Captioned web image data:
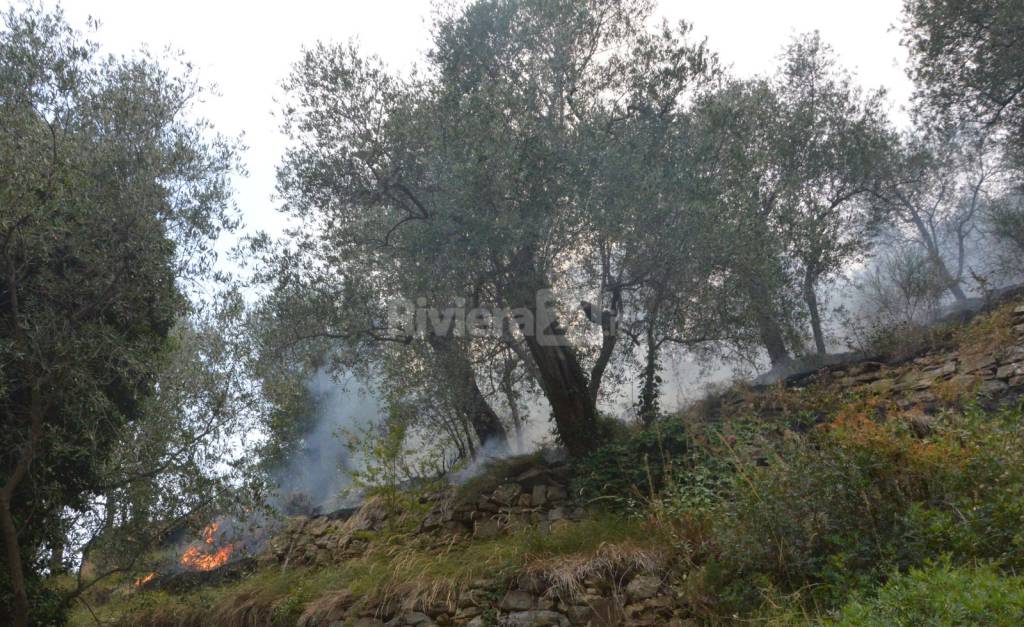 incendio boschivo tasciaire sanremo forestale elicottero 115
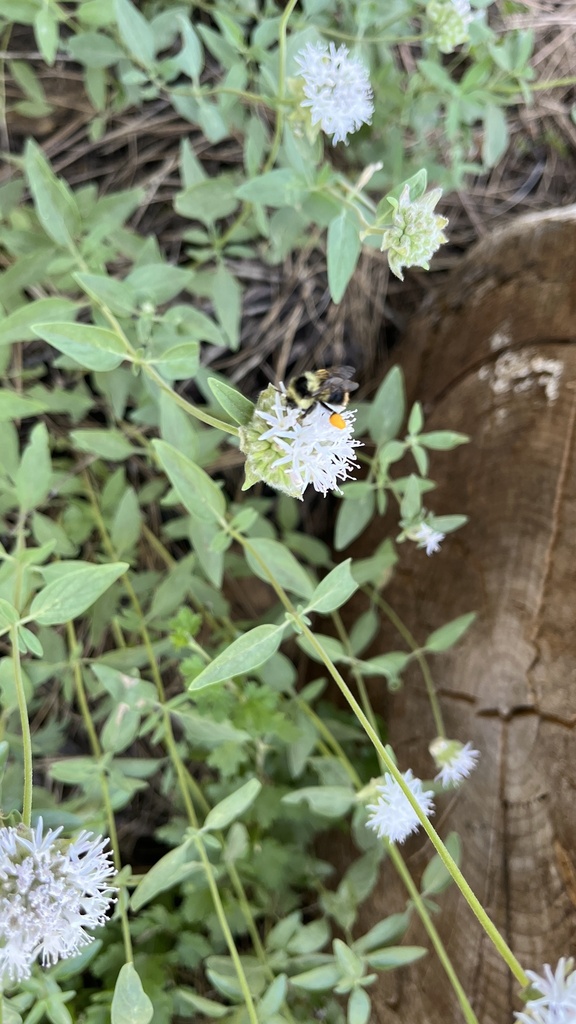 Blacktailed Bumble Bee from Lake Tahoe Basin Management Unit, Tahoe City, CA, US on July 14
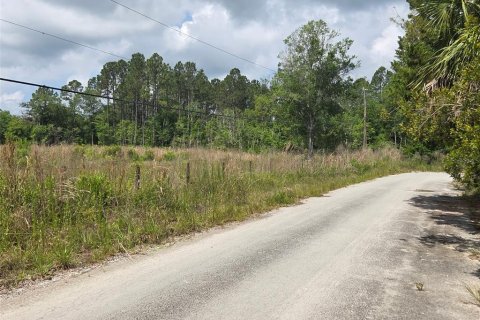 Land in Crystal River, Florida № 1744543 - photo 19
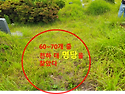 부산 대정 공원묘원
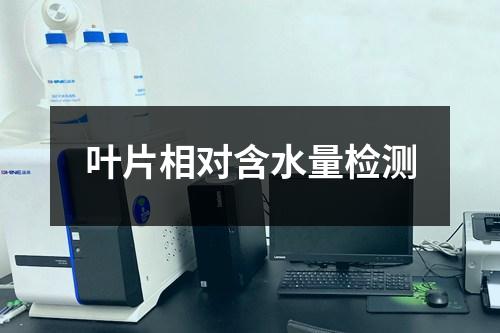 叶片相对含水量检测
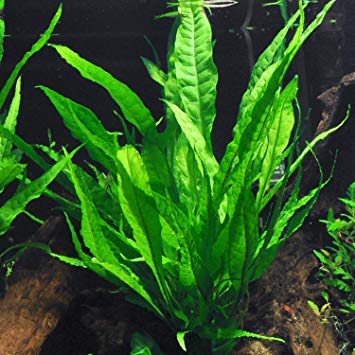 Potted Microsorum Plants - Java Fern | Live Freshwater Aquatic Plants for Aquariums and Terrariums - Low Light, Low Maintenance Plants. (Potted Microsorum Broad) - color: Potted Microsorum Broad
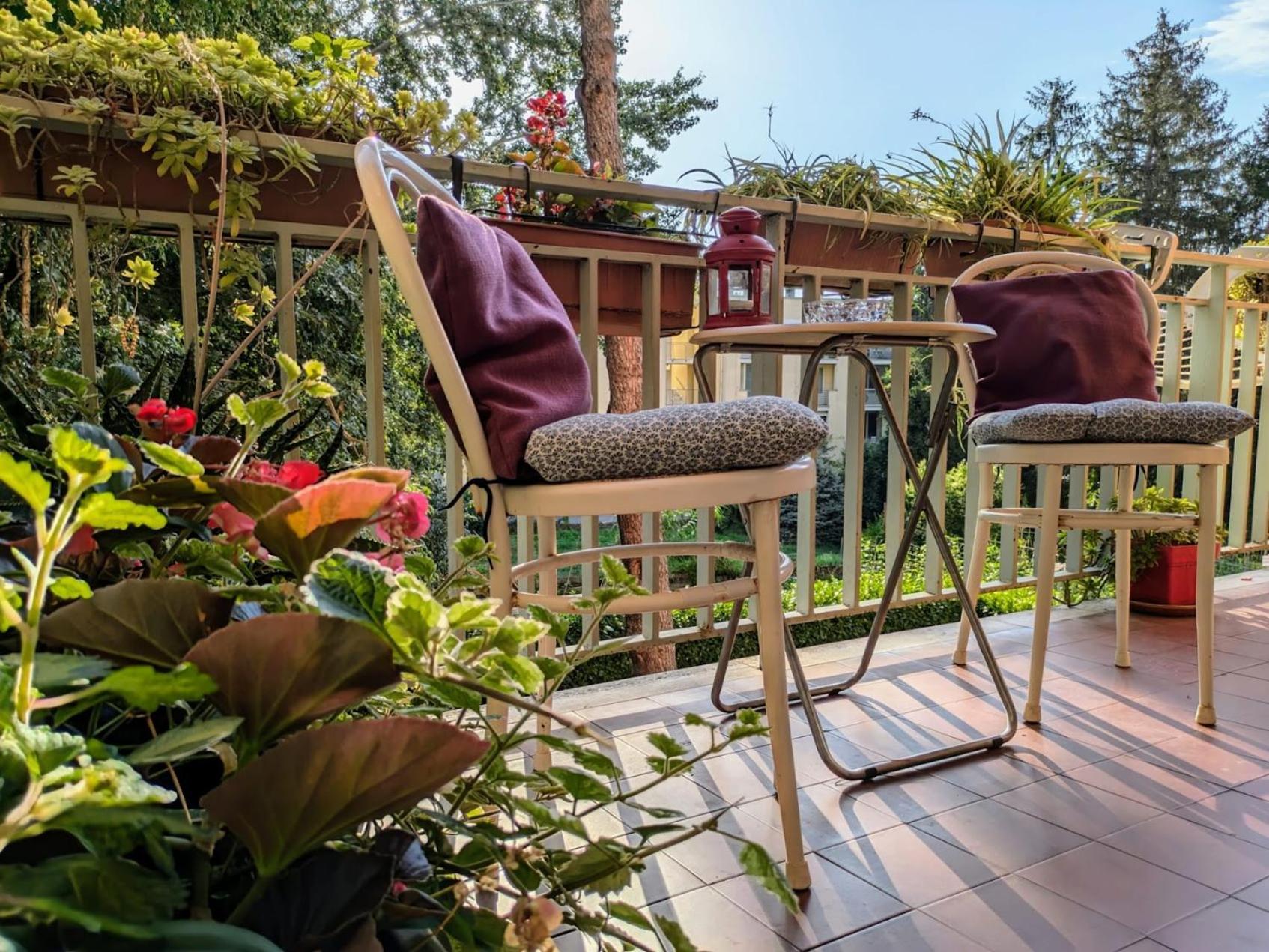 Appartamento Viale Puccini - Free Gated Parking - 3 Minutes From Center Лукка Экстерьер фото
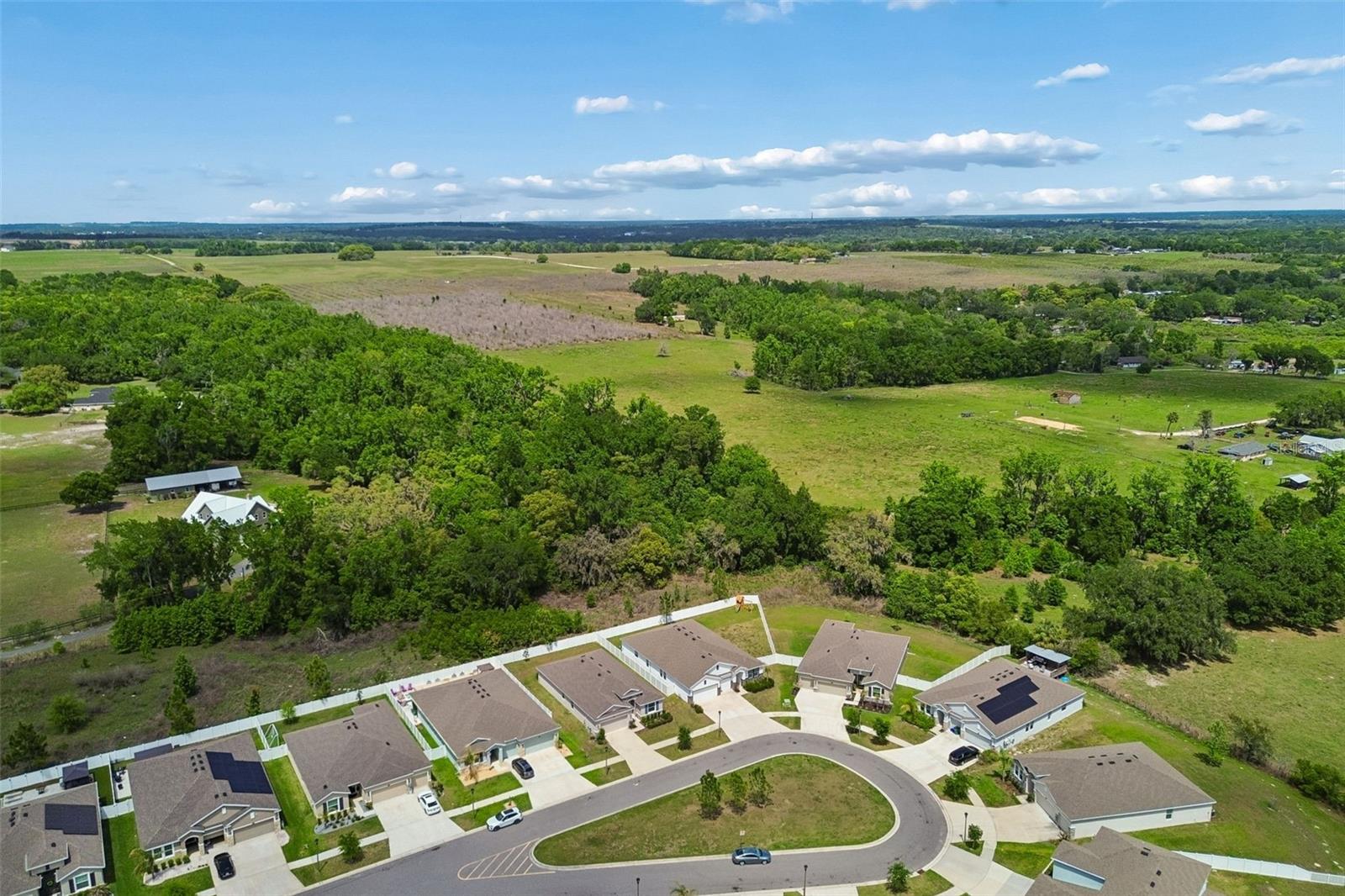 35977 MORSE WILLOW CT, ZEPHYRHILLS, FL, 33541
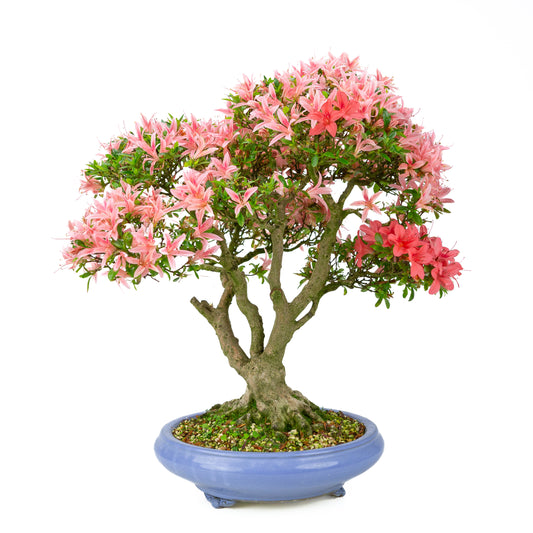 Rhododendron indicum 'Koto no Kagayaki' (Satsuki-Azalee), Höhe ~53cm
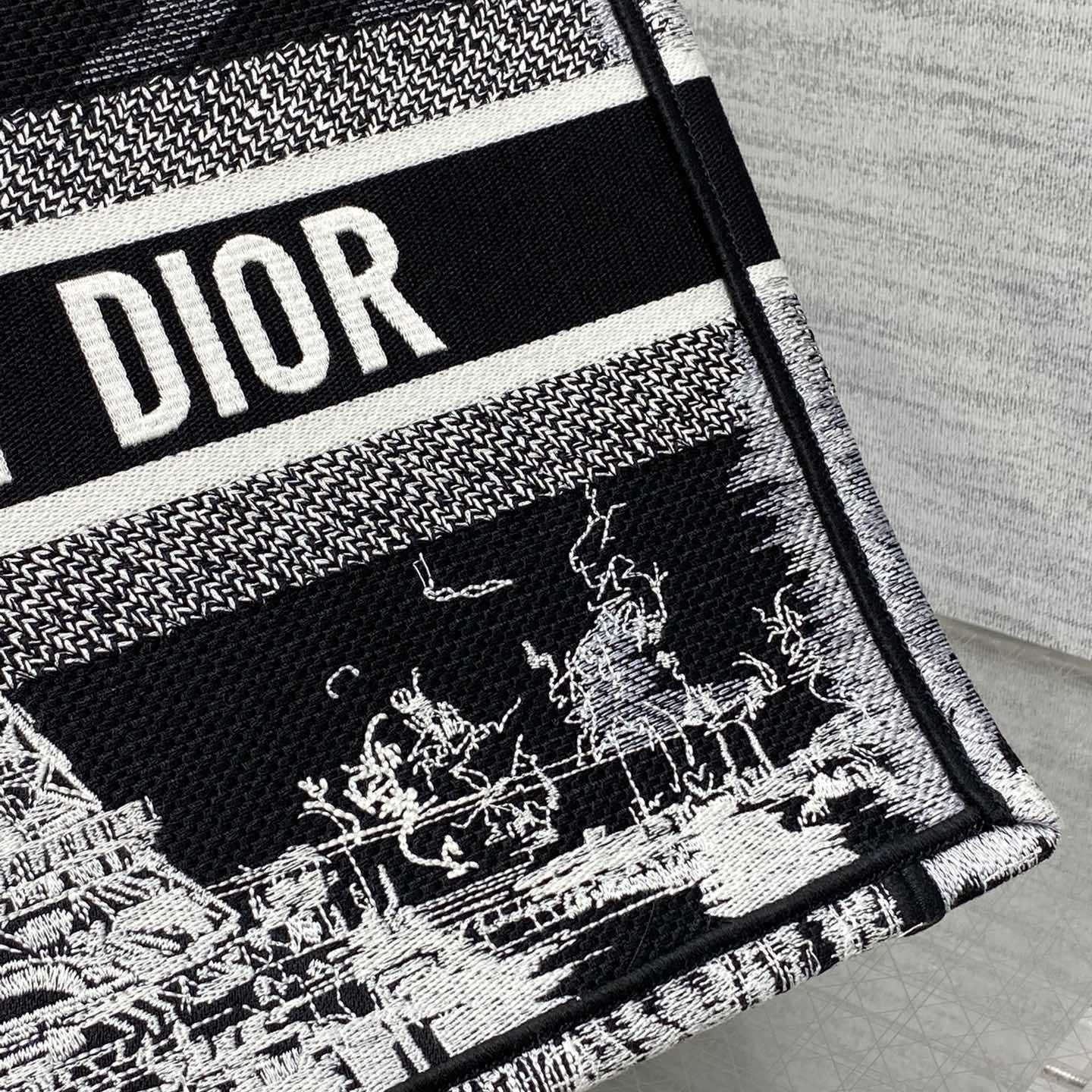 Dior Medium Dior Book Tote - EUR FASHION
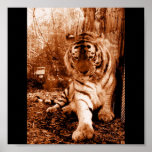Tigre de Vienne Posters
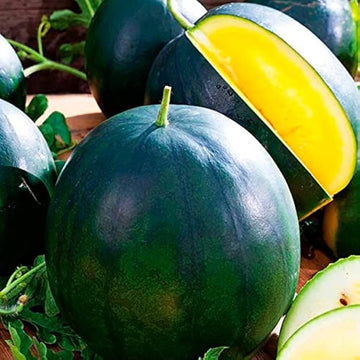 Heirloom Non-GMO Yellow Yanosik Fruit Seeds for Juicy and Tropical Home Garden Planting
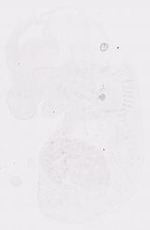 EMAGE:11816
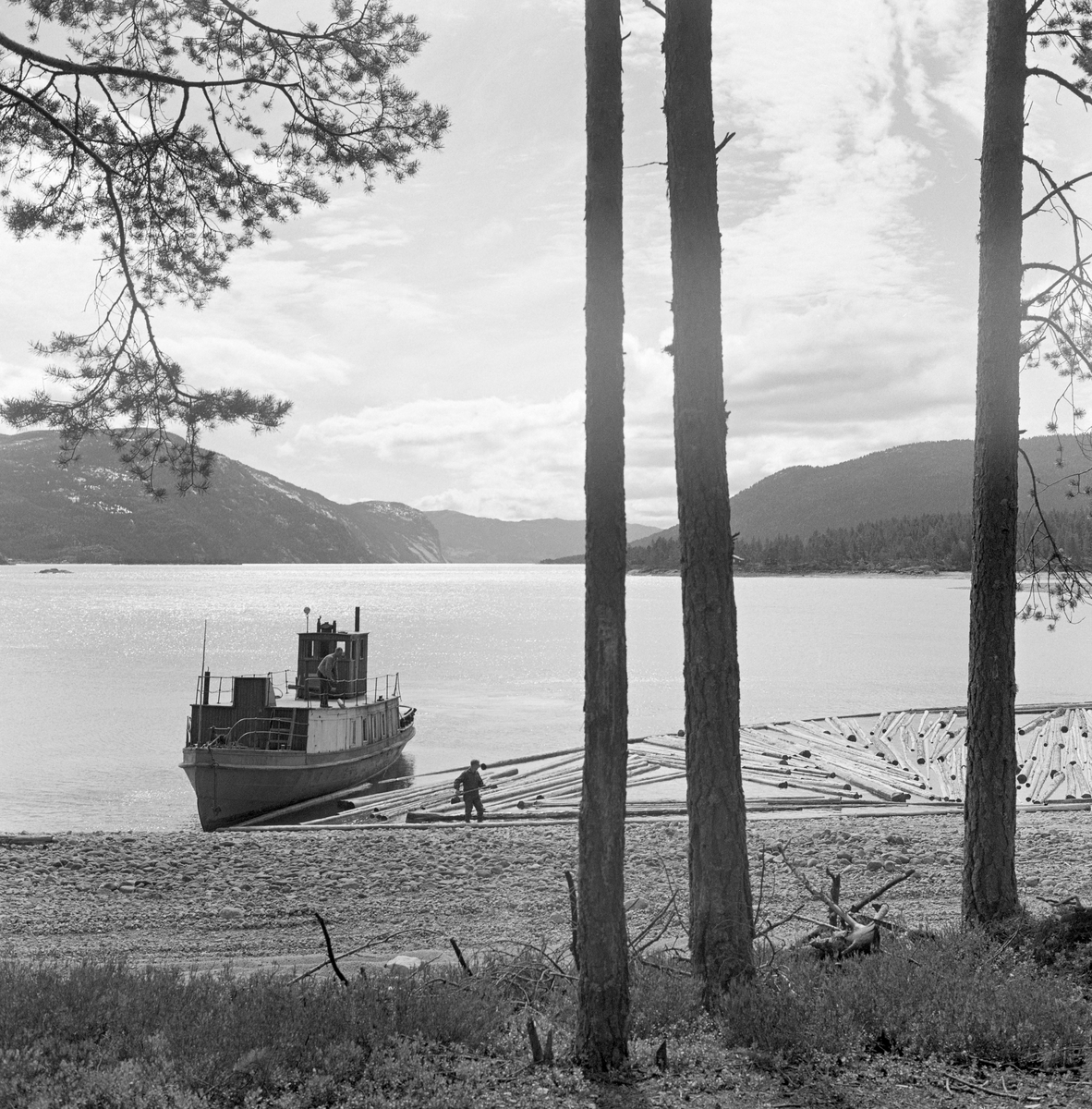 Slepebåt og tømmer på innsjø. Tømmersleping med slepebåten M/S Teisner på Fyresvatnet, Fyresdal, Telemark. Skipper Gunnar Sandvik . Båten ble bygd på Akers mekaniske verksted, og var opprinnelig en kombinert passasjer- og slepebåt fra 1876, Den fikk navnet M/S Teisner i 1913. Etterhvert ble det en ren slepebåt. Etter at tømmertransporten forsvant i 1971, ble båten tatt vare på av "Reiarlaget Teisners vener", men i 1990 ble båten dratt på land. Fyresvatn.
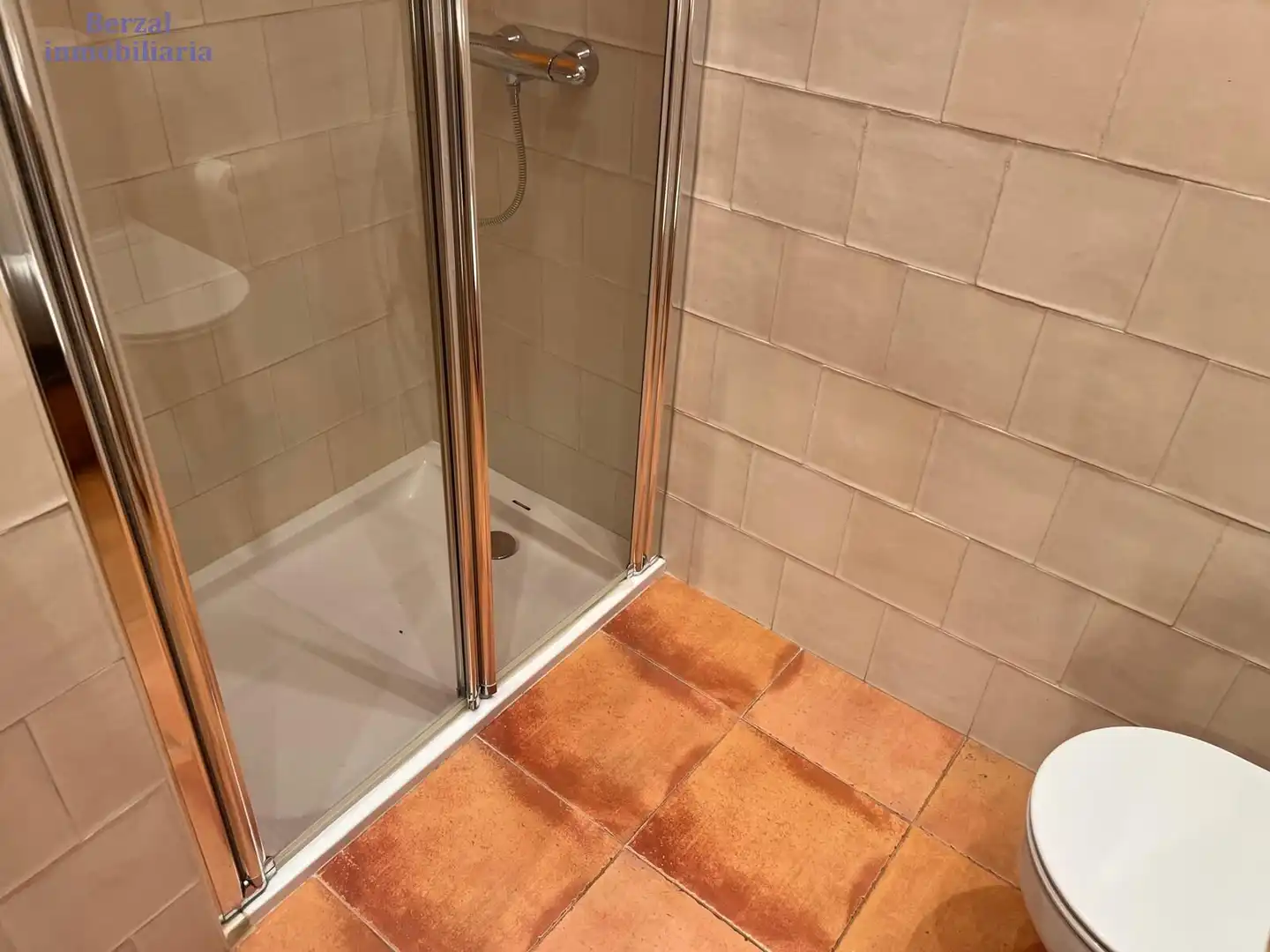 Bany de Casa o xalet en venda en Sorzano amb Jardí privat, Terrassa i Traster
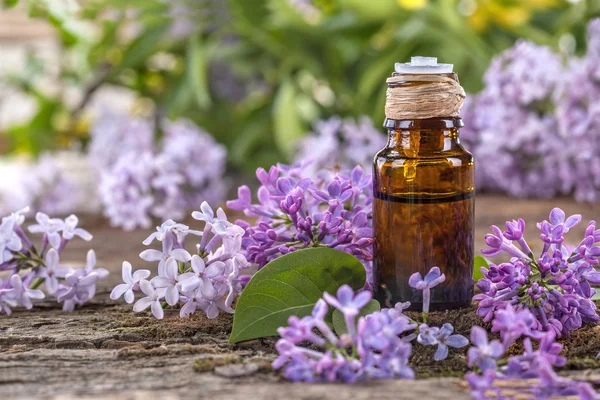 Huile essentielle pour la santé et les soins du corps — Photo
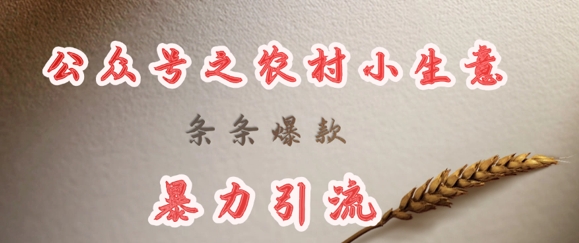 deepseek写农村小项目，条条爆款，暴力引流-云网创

> AIM OF THE TASK:
Every line from the one containing "Bany de Casa" through the last line of the data is to be retyped exactly, with nothing added and no pictures included.

> ANSWER FOR THIS EXERCISE:
 Bany de Casa o xalet en venda en Sorzano amb Jardí privat, Terrassa i Traster
 Huile essentielle pour la santé et les soins du corps — Photo
 deepseek写农村小项目，条条爆款，暴力引流-云网创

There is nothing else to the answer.